Published on JD Supra on May 2, 2019
In December, 2017 the New York City Council passed Local Law 49, the first law in the country designed to address algorithmic bias and discrimination occurring as a result of algorithms used by City agencies. Local Law 49 created an Automated Decision Systems Task Force (“Task Force”) to monitor algorithms used by municipal agencies, and directed the Task Force to provide recommendations by the fall of 2019 as to how to make algorithms used by the City fairer and more transparent. Despite the Task Force’s daunting task of balancing the need for more transparency with respect to the City’s use of algorithms against the right of companies to protect their intellectual property, many people were hopeful that Local Law 49 would encourage other cities and states to acknowledge the problem of algorithmic bias.
The legislation arose after then-Councilman James Vacca read a ProPublica investigation about a computer algorithm used to score a criminal defendant’s risk of recidivism. The ProPublica investigation found that the most widely used risk assessment (COMPAS) was more likely to erroneously identify black defendants as presenting a high risk for recidivism at almost twice the rate as white defendants (43 percent vs 23 percent). In addition, ProPublica’s research revealed that COMPAS risk assessments erroneously labeled white defendants as low-risk 48 percent of the time, compared to 28 percent for black defendants. Black defendants were also 45 percent more likely to receive a higher risk score than white defendants, even after controlling for variables such as prior crimes, age and gender.
The original bill proposed by Vacca and inspired by the ProPublica investigation was much more ambitious than the final bill, and would have required city agencies to publish the source code of certain algorithms that imposed penalties on individuals. Nevertheless, Local Law 49 was seen by many in the industry as a promising first step in mitigating algorithmic bias, and an opportunity to bring fairness and accountability to the use of such automated decision systems.
Unfortunately, over a year later, the Task Force has failed to make meaningful progress to fulfill its mission. First, although the law includes a definition of “automated decision system” (“ADS”) and the Task Force has held approximately 18 meetings, they have been unable to reach a consensus as to what technology even meets the definition of ADS. Without agreement as to what systems even fall under the purview of the Task Force, the odds of the Task Force providing specific recommendations by this fall is unlikely.
In addition, Local Law 49 did not mandate that City agencies provide the Task Force with requested information and made the provision of requested information voluntary. The joint written testimony of Task Force members Julia Stoyanovich and Solon Barocas stated that despite numerous requests, as of April 4, 2019, the City had not identified even a single ADS or provided any information about ADS used by the City.

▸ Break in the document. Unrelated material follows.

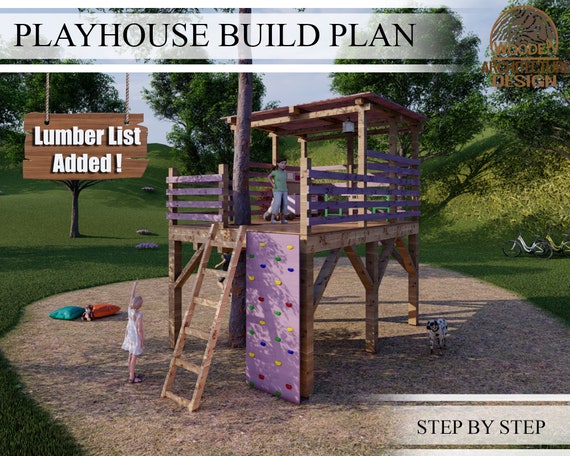 Playhouse Plans for Kids Wooden Garden house Plan Step by Step Do it Yourself with the  Digital Downloading Files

Task Force members have stressed that they will be unable to provide meaningful or credible recommendations as to how to address algorithmic discrimination if the City fails to provide requested information, and stated that their need for examples of ADS used by the City has been raised on numerous occasions. In addition, Task Force members noted that they had developed a promising methodology for obtaining relevant information about ADS from developers and operators, however, the City inexplicably directed the Task Force to abandon their use of this methodology.
At the Task Force’s first public hearing on April 30, 2019, Task Force members declined to commit to providing recommendations specific to ADS currently used by the City and noted that the City has not been cooperative with the Task Force’s inquiries. The Task Force will hold its second public hearing on May 30, 2019.